Regarding inflammatory cytokine expression, a tendency for IL-17A elevation was found in the NIU group (p = 0.08), and it would have been interesting to study CD4+IL-17+ T cells frequency in these patients. The Th17/Treg ratio may be more specific for disease activity than isolated Treg levels, and further studies can possibly warrant its usage as an active disease biomarker. Although we did not have data on Th17 cell levels, when analyzing the inflammatory (TNF-α + IFN-ɣ + IL-17A)/anti-inflammatory (IL-10 + TGF-β) cytokine ratio and the IL-17/Il-10 ration, we did find a positive correlation with the absolute counts of memory Tregs in the NIU group. We also found that higher IL-17A levels were associated with higher serum concentrations of memory and naïve Tregs as well as higher TNF-α and IFN-ɣ levels. This may represent a Treg cell induction in an effort for suppressive cytokine production in early stages of intraocular inflammation or activation of a specific IL-17-producing Treg subset. In fact, although conventional Tregs exert their suppressive effect via production of anti-inflammatory cytokines such as IL-10 and TGF-β, there is growing evidence that these cells also secrete pro-inflammatory cytokines in inflammatory conditions [33] and a distinct population of Treg cells that are FoxP3+ and produce IL-17 that has already been identified in patients with Crohn’s disease [34] although, to our knowledge, this has never been described in uveitis.
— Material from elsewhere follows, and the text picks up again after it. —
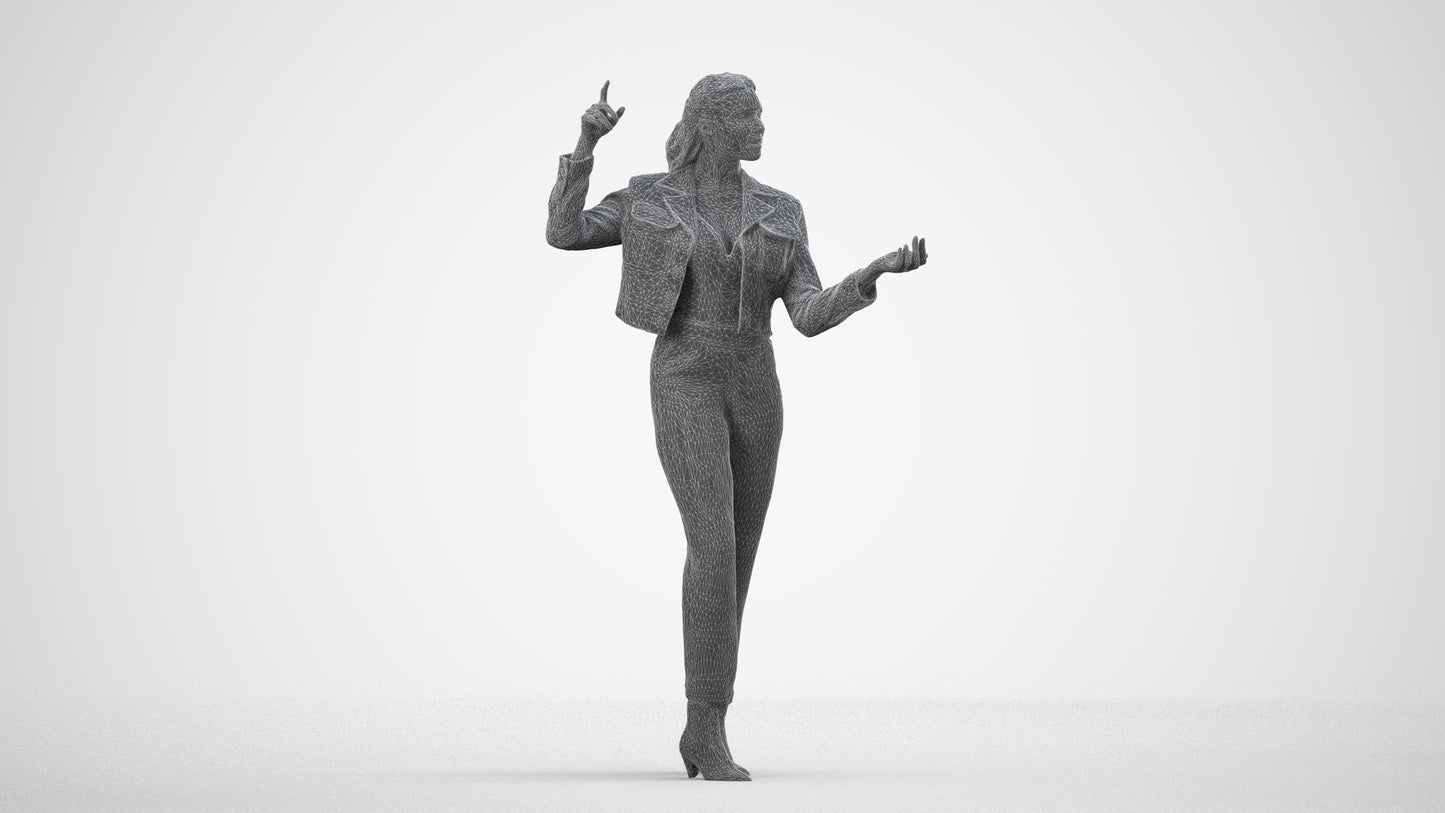 photogrammetry 3D woman business standing, realistic human model archviz FBX, wireframe side view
Nevertheless, evaluation of Th17 levels could have given further insight on this correlation between IL-17 and memory Tregs.

Finally, we have observed a positive correlation between TNF-α and the absolute counts of both total memory Tregs and CD39+ memory Tregs in the NIU group. In fact, together with IL-17A, TNF-α is a key cytokine in uveitis pathogenesis [3, 23, 24], and it is understandable that it may show an elevated frequency when there is active disease and memory Treg upregulation.

The main limitation of our study is the small sample size. Moreover, since most patients had untreated concomitant systemic disease at the time of inclusion, it is reasonable to assume that IL-17A and TNF-α levels were also affected by active systemic inflammation. Despite these limitations, results presented here suggest that IL-17A is associated with active NIU and that Treg cell levels alone are insufficient for use as a biomarker for active disease. The further characterization of the interactions between Treg subsets, including memory Tregs and respective CD39 expression, and inflammatory and anti-inflammatory cytokines profiles is mandatory. Finally, the IL-17A elevation present in these patients underlines the importance of the IL-17 pathway in the pathogenesis of NIU and reinforces the possibility of this cytokine use as a future therapeutic target.